Security 'Experts' Aren't So Secure At RSA Conference
Analysts at AirDefense, a wireless monitoring company, ran a scan on wireless devices at the conference Tuesday at the Moscone Center in San Francisco. Of the 347 laptops, smartphones, and hand-held devices they monitored between 9:30 a.m. and 5 p.m., 56% of them weren't secure.
Those devices had been set up to link to insecure wireless access points like those found at hotels and Starbucks cafes. The problem, says Richard Rushing, chief security officer of AirDefense, is that when users are done using the connection, they don't change their devices' policy settings that let them connect to insecure access points. That means when their Blackberrys or laptops are on at the conference center, they could easily hook up to a rogue access point set up by a hacker.
Last year at the RSA conference, AirDefense found that 35% of wireless devices were insecure. But not as many people had wireless devices at the show with them. This year, says Rushing, there are more computers at the show with wireless capabilities, and more of them are at risk.
"It's a little surprising the percentage is actually that high," says Rushing, who is attending the conference "It just shows that there's a huge prevalence of wireless devices, and [people] aren't aware that they're putting themselves at risk."
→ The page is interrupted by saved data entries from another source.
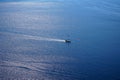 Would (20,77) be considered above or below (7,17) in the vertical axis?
below

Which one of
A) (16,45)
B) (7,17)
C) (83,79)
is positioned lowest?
(83,79)

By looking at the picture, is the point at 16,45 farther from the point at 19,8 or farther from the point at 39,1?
the point at 39,1

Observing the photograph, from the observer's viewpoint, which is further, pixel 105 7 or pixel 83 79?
pixel 105 7

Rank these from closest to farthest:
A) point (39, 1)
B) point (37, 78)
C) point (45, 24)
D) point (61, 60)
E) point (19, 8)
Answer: point (37, 78), point (61, 60), point (45, 24), point (19, 8), point (39, 1)

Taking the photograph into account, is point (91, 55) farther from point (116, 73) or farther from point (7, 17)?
point (7, 17)

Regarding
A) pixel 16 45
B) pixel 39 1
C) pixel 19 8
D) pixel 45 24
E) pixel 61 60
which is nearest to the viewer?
pixel 61 60

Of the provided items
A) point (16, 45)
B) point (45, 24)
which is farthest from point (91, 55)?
point (45, 24)
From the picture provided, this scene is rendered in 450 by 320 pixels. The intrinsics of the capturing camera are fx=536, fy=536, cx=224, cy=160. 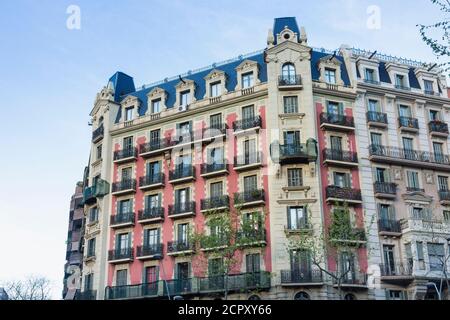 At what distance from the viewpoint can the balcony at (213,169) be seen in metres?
37.9

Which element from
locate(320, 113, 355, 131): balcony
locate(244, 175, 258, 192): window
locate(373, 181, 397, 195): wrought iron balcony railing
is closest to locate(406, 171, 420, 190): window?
locate(373, 181, 397, 195): wrought iron balcony railing

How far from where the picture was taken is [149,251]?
3853 centimetres

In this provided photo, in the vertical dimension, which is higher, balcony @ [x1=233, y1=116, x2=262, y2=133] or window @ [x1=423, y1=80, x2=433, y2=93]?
window @ [x1=423, y1=80, x2=433, y2=93]

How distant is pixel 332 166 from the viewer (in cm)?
3703

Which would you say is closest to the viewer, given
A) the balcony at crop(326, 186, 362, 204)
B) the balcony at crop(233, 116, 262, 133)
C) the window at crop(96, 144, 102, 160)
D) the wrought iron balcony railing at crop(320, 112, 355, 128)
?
the balcony at crop(326, 186, 362, 204)

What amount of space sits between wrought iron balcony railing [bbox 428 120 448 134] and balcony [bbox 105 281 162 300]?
23180mm

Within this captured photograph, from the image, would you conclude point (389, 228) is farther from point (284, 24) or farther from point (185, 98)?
point (185, 98)

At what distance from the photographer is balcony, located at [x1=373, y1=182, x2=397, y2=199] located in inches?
1454

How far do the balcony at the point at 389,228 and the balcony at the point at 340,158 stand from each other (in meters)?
4.35

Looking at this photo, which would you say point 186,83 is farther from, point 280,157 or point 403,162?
point 403,162

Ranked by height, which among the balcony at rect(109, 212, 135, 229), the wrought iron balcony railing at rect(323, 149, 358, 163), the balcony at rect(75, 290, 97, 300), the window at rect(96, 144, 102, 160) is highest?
the window at rect(96, 144, 102, 160)

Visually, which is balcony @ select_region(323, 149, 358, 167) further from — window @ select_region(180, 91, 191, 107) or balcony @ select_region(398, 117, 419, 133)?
window @ select_region(180, 91, 191, 107)

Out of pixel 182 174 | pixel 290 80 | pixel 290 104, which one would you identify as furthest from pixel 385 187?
pixel 182 174

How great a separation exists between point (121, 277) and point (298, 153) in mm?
15781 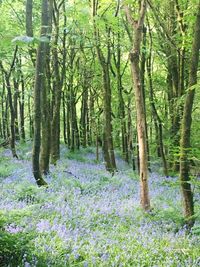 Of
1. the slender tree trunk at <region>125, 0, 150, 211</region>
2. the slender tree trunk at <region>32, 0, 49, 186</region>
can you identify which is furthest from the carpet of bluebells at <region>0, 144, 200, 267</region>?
the slender tree trunk at <region>32, 0, 49, 186</region>

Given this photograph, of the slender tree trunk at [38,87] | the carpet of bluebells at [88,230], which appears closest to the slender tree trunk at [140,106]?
the carpet of bluebells at [88,230]

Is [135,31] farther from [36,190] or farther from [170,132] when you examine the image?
[170,132]

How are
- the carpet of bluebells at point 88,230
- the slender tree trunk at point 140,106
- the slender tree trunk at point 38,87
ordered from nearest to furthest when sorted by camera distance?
the carpet of bluebells at point 88,230 → the slender tree trunk at point 140,106 → the slender tree trunk at point 38,87

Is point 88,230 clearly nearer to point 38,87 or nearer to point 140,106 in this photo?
point 140,106

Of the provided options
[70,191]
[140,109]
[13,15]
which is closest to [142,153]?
[140,109]

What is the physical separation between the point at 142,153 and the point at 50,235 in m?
3.64

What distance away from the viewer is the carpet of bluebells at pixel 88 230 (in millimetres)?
4250

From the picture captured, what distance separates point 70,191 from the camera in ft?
29.1

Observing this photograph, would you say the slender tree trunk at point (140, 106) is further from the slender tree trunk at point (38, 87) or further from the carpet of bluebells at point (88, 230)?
the slender tree trunk at point (38, 87)

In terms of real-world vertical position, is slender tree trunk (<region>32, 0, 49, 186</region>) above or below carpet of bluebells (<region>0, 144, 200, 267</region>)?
above

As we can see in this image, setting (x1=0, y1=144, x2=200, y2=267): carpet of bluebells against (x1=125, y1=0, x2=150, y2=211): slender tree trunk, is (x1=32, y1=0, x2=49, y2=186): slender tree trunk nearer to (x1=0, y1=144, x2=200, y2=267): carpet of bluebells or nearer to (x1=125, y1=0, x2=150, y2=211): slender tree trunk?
(x1=0, y1=144, x2=200, y2=267): carpet of bluebells

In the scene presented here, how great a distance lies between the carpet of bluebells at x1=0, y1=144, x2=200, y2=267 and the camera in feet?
13.9

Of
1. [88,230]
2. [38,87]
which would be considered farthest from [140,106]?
[88,230]

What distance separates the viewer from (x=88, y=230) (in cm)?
569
A hacker could set up a rogue access point and send off a signal pretending to be a legitimate wireless access point. A laptop is set to run through its list of access points every 30 to 90 seconds, depending on its settings. If it comes across a stronger connection, it will simply pick it up. If that's a rogue connection, then the hacker has access to everything that's passing through it.
"It's all about manipulation," says Rushing. "With that connection you made, you're already doomed. You're setting yourself up for trouble. Most people leave the hotel, but that hotel is still in their machines' inner policy. So when they go to the show, they should turn off their wireless or change their policy to remove any access points they're not currently using. If you connect at Starbucks, when you leave, you should hit disconnect instead of just closing the browser."
Rushing adds that hackers know a lot of people aren't aware of the issue, which leaves them at risk. For hackers, this is just "low hanging fruit," he warns, adding that IT managers need to educate their road worriers as soon as they get back in the office.